Violence targeting women in Pakistan manifests itself in a variety of forms and is usually carried out together with a combination of other human and women’s rights violations, all of which form part of the process of the physical and psychological abuse that a majority of women in this country suffer from.1 Honour related crimes are one type of violence that primarily targets women. These crimes encompass a range of manifestations of violence from unlawful confinement, assault, acid burning, rape to, of course the most classic and extreme form, cold blooded murder on the pretext of ‘honour’ – Honour Killings.2
Crimes committed allegedly for honour are so defined because they occur in a social setting where the “ideal of masculinity is underpinned by a notion of ‘honour’ – of an individual man, or family, or community – and is fundamentally connected to policing female behaviour and sexuality.”3 Honour of the male members of the family is understood to reside in the bodies of the women of the family, and in protecting this honour the men aim to regulate and direct women’s sexuality and freedom to exercise any control over their own choices/lives.4 Any action or perceived transgression, therefore, on the part of the women to break out of this familial setting or to defy the authority of the male members of her family requires a response that not only punishes the transgressor but, in effect, also helps restore the ‘lost’ honour and reassert the masculinity of the male family members within the society or community. Unfortunately the only responses found adequate enough to achieve this multi purpose aim are those that reaffirm the physical and social dominance of the male members over the female members and manifests itself in acts of violence against the women; illegal confinement, forced marriages, cutting off of the nose, acid burning, stove burning, rape and cold blooded murder.
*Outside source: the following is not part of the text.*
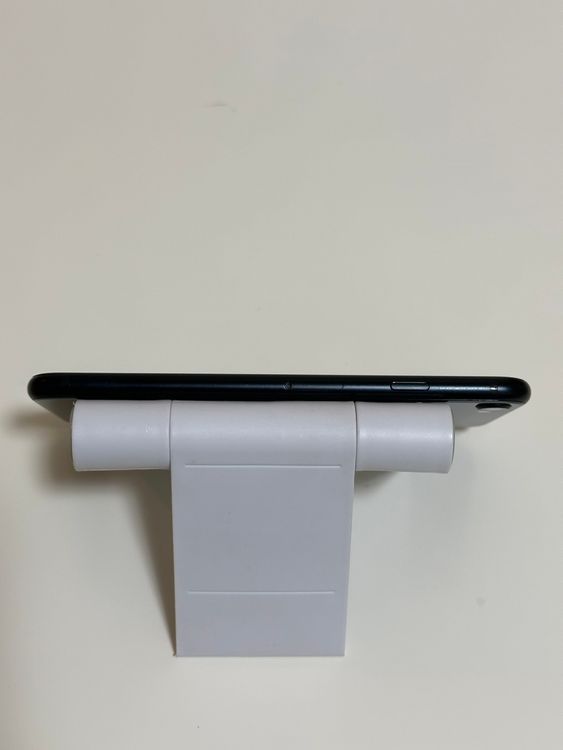 ��Ķ���� SIM�ե꡼ iPhoneSE ��3���� 128GB �ߥåɥʥ���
The term ‘crimes of honour’ is not without its complexities and critiques. Hosain and Welchman come closest to defining it in its colloquial context stating that ‘crimes of honour’ are those “where the publicly articulated justification for the crime is attributed to a social order claimed to require the preservation of a concept of honour which is vested in male control over women, particularly over women’s sexual conduct.”5 Instances of this type of violence against women are clubbed together under this terminology and are “characterised by the ‘motivation’ rather than by the perpetrator or form of manifestation” of the criminal act.6
Table 1. Reported cases of violence against women for the year 2007
Source: Human Rights Commission of Pakistan.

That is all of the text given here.